Continuing in the tradition of week-late summer blog postings. The family and I descended upon Garden City for our annual Bear Lake adventure week. For the last decade or so we've been spending one week every summer at the Sweetwater/Ideal Beach resort at Bear Lake doing our best to avoid actually entering Bear Lake's waters.
The first couple of years we would rent wave runners for a romp in the chop but as our clan has gotten older (read: younger due to insurgence of spawn) such high-octane thrills have given way to a week of poolside relaxation and a LOT of Tennis.
Of note this year is that my immediate family has begun the process of transitioning into a self-sustaining extended family. In years prior a trip with "the cousins" meant a vacation with my parents siblings and their children. As of this year however the voyage included the children of Mr. and Mrs. Robert Wood only (and distinguished guests) making "the cousins" My sibling's children, and my siblings and I - in turn - the generation of "Aunts" and "Uncles."
I can not tell you how weird this is for me.
Being the youngest, I am the only Wood child without a spouse and spawn. So while it's all fine and dandy to call me Uncle Ben it makes for an interesting trip when you are caught in an age-chasm between those changing the diapers and those whose diapers are being changed.
The best way to deal with this, repeatedly spanking my brother Jake on the tennis court - which I did, with the help of my double's mate/Australian brother-in-law Varian a.k.a Big V. This victory comes with an asterisk, however, in that none of us are particularly good at playing doubles, especially my father, Jake's teammate.

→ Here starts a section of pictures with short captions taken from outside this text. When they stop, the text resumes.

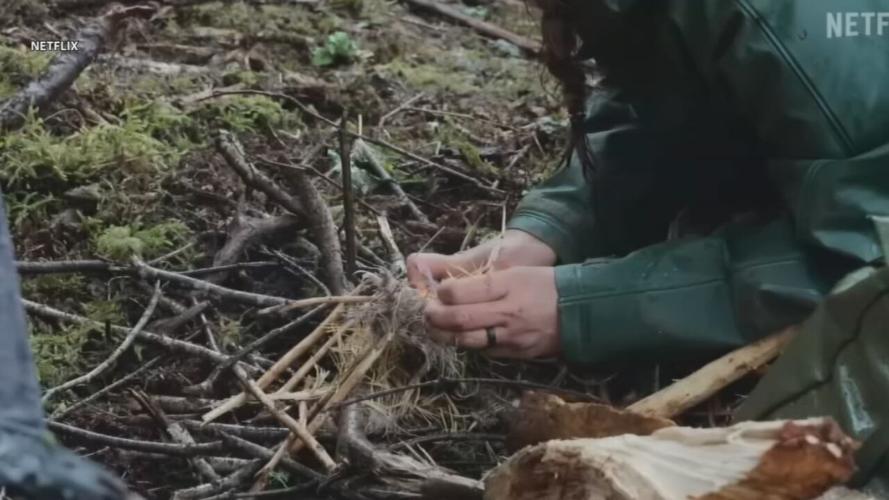 "Outlast" on Netflix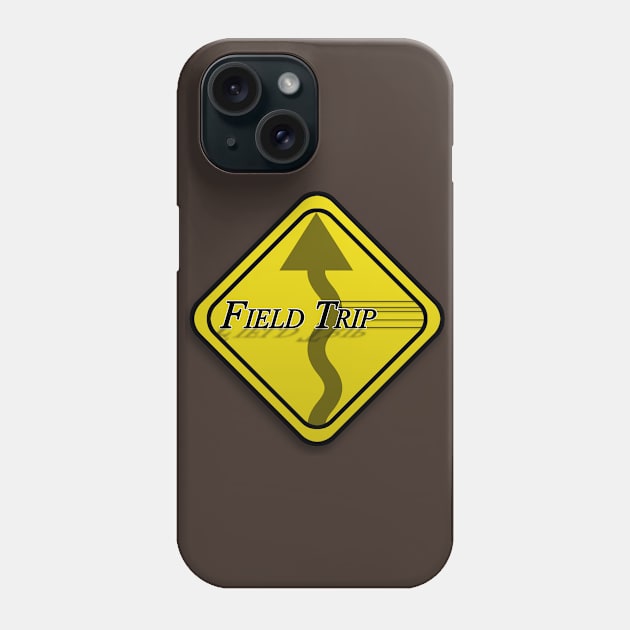 Field Trip Phone Case by WildDog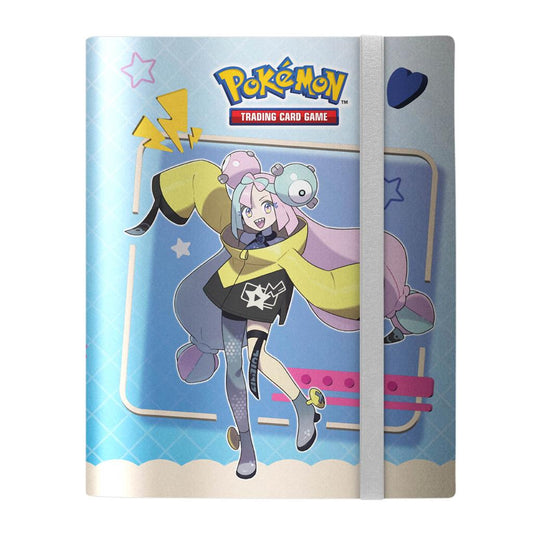 Ultra Pro - 9-Pocket Pro-Binder - Iono and Bellibolt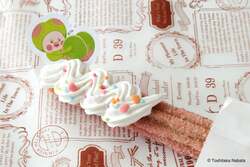 スモモノウチのスモモチュリトス 800円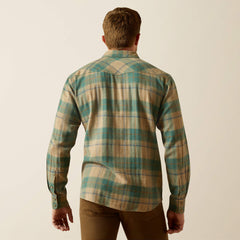 Huxlee Retro Fit Shirt - Men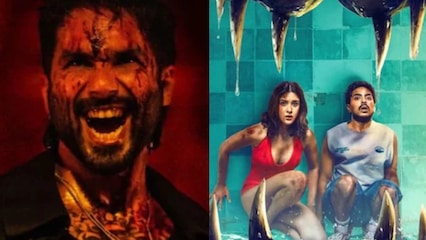 O’Romeo vs Tu Yaa Main Box Office collection day 3: Disappointing weekend for both Shahid Kapoor, Adarsh Gourav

The other way to deal ageism is that if you can't beat them, join them. I somehow conned Catherine into being my plus one for Thursday night and took full advantage of the opportunity, packing as much activity into the relatively short time she was there with us. We swam in the pool, biked into town for a shake and had a moonlit kayak ride before playing a board game with the bunch and calling it a night.
In closing, here's some pictures I took. As usual, they offer no catalog of Wood family fun. Instead they're the usual amateur landscapes that I pretend anyone gives a hoot about.

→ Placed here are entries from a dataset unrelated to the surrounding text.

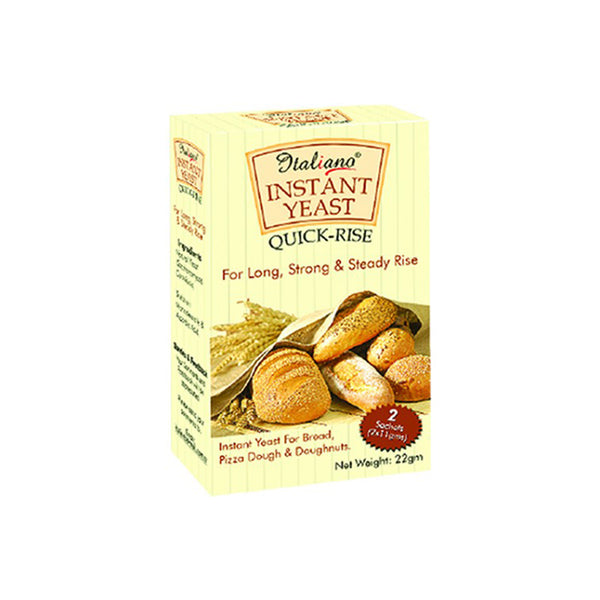 Italiano Instant Yeast Powder 22gm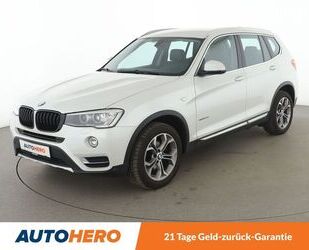 BMW X3 Gebrauchtwagen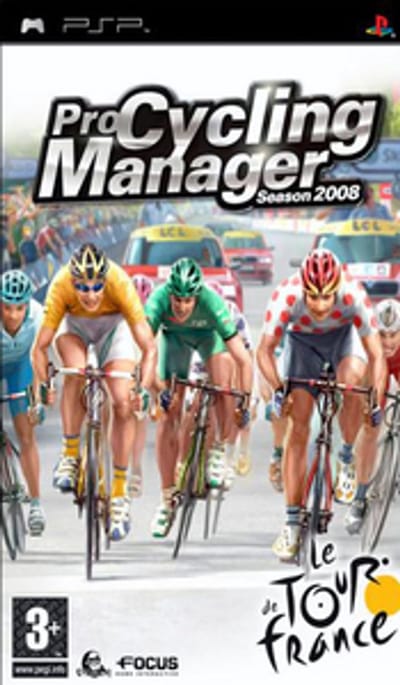 Pro Cycling Manager 2008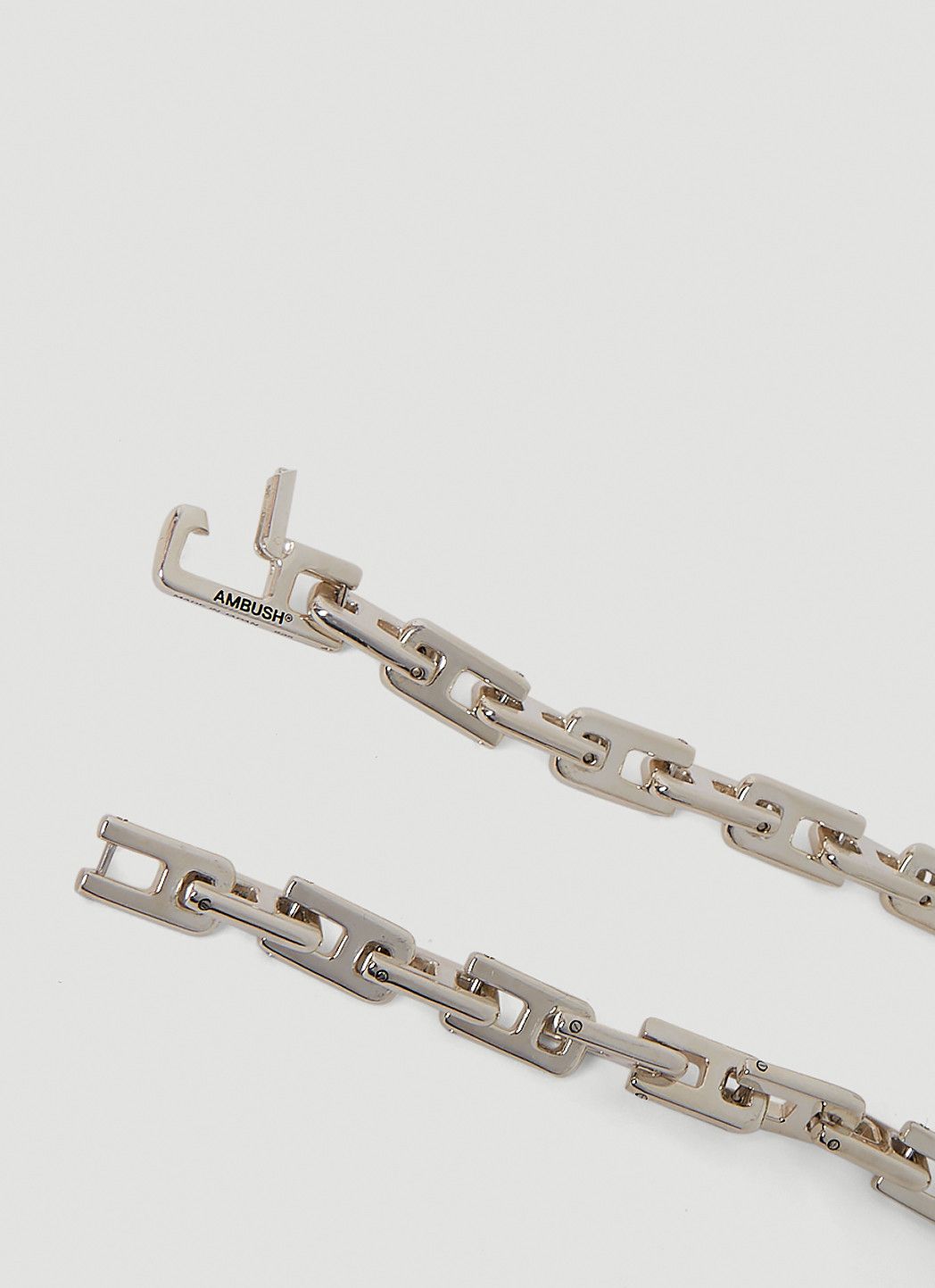 Ambush Design A-Chain Necklace Size ONE SIZE - 5 Thumbnail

The water at Bear is at a great level right now. It got hit, like all of Utah, with the drought 8 or so years ago and has never gotten back up to where it used to be but this year was the highest it's been in a long time. All around the edge of the lake we had these great sandbar islands with water behind them. The pools where about 10 degrees warmer than the lake and I saw a few groups set there stuff up to play in them, instead of the lake 40 yards away.
I'm starting to develop a certain taste for shots of benches (as seen here). There's something poetic about them for me. More often than not you get these city benches that are just dropped on the side of the road because someone might want to sit down. Then there's the other kind of bench, those benches that are placed intentionally at a location because people WILL sit there, because they overlook some mammoth spectacle of nature or awesome vantage point. To take two steps closer and get a shot of the lake, you end up with another little pic of water and horizon. With the bench in the foreground (at least for me) it makes me think of how often you can't see the forest for the trees.
As it turns out, I wanted a different angle for that shot but some lake-strolling punk decided to set up camp right in my frame. Oh well, it still turned out ok.
As I said before, Bear Lake's water level has been crazy low for the better part of 10 years. That armada of wave runners parked on the sandbar used to be rented out of this cove but were uprooted by the drought. We've been going to Sweetwater for 10 years and every year I gauge the water level by how close it comes to filling this cove back up. You can see the old docks slumped on the side of the hill on the right side of this shot; and the whole interior is a stagnant pool of moss and weeds. Just beyond the cove, in the center, you can see the glistening turquoise water, just out of reach.
And, notice how the two benches are facing the OTHER way.
If I were some snobby bigshot photographer I would think up some great metaphorical name for this picture. Something about yearning for the past, or maybe some allegory for heaven and hell.